Es la época del objeto, del Maki-e (trabajo en laca), de la artesanía o mingei, del oro y la plata que brillan lascivamente por doquier. En contrapartida surge Sen-no-Rikyu (hacia 1520-1591), con una nueva ceremonia del té que rechaza los automáticos gestos rituales en favor de una "sencillez natural". Es el artífice de los nuevos utensilios para su celebración, cuya extraordinaria simplicidad, pureza de líneas y tosquedad, tanto habrán de influir en el moderno diseño industrial de Occidente. En arquitectura, frente a la recargada exuberancia de los castillos, la nueva tendencia impulsa la construcción de delicados palacios situados entre idílicos y estudiados paisajes, construcciones de estructura en extremo regular y sencilla. El máximo exponente es sin duda el palacio de Katsura, en las inmediaciones de Kyoto, tan admirado por los arquitectos del siglo XX.

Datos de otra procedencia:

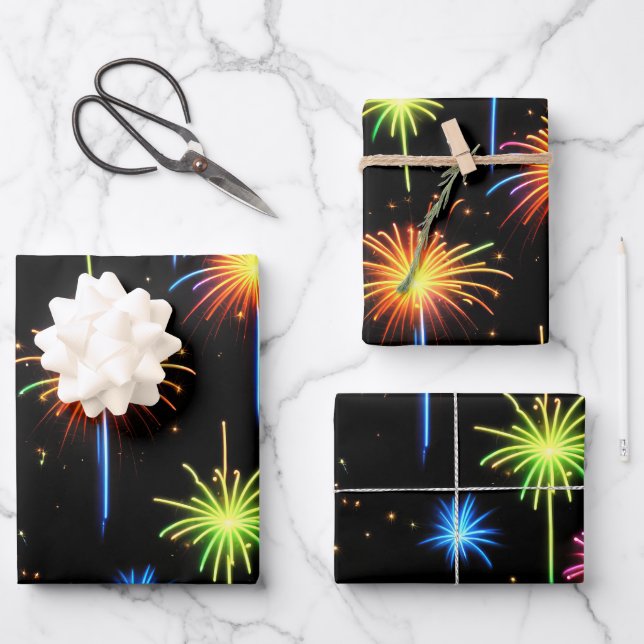 Neon Fireworks On Black Wrapping Paper Sheet (Front)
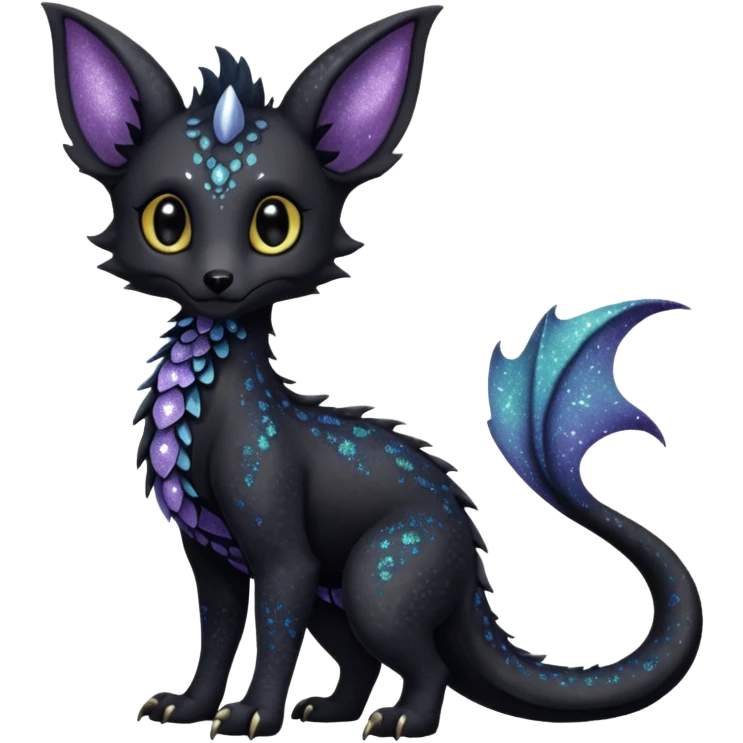 Feral Rare Fantasy Dark Glittery gothic spooky  sparkly shiny Draco-Vernid-Trico-species by LiLaiRa, random markings, tufted tail, tufted ears, full body emoji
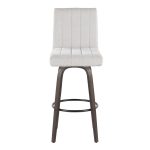 Hank 30" Contemporary Swivel Barstool Light Grey and Walnut (Set of 2) 18 Hank 30" Contemporary Swivel Barstool Light Grey and Walnut (Set of 2)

Las características del período de Edo o Tokugawa (1615-1867) no se diferencian del anterior. Katsura, por ejemplo, obra de dos generaciones que denotan una increíble unidad estilística, no fue terminado hasta 1645. Prosigue especialmente el desarrollo del mingei, que incluye también la cerámica, una de las artes más cotizadas de Japón. El Japón de los Tokugawa se halla dividido en doscientos clanes, cada uno de ellos con un jefe y cada jefe con su castillo. La preponderancia cada vez mayor de los comerciantes e industriales exige empero una nueva clase de arte más a su alcance. Así surge en el siglo XVII, junto a las escuelas de Kano y Tosa, el Ukiyo-e o arte de la estampa, con la personalidad de Harunobu. Y también el kabuki, teatro más realista y divertido que el no, que habrá de convertirse con el tiempo en el teatro nacional japonés.
En el período Meiji (1868-1912) los contactos con Occidente marcan la evolución del arte japonés hacia el arte europeo. En 1884, Fenollosa y Okakura Kakuzo organizan la primera muestra de arte tradicional japonés; luego siguen las exposiciones internacionales: la de Chicago (1893), que tanta influencia habrá de tener en la obra de Frank Lloyd Wright, y la de París (1900), decisiva para la pintura postimpresionista.

Máscara para teatro no

Máscara para teatro no del período Muromachi. Máscara de formas suaves y delicado colorido, como corresponde a la enigmática belleza femenina evocada por los protagonistas del no, que son interpretados siempre, como es sabido, por hombres.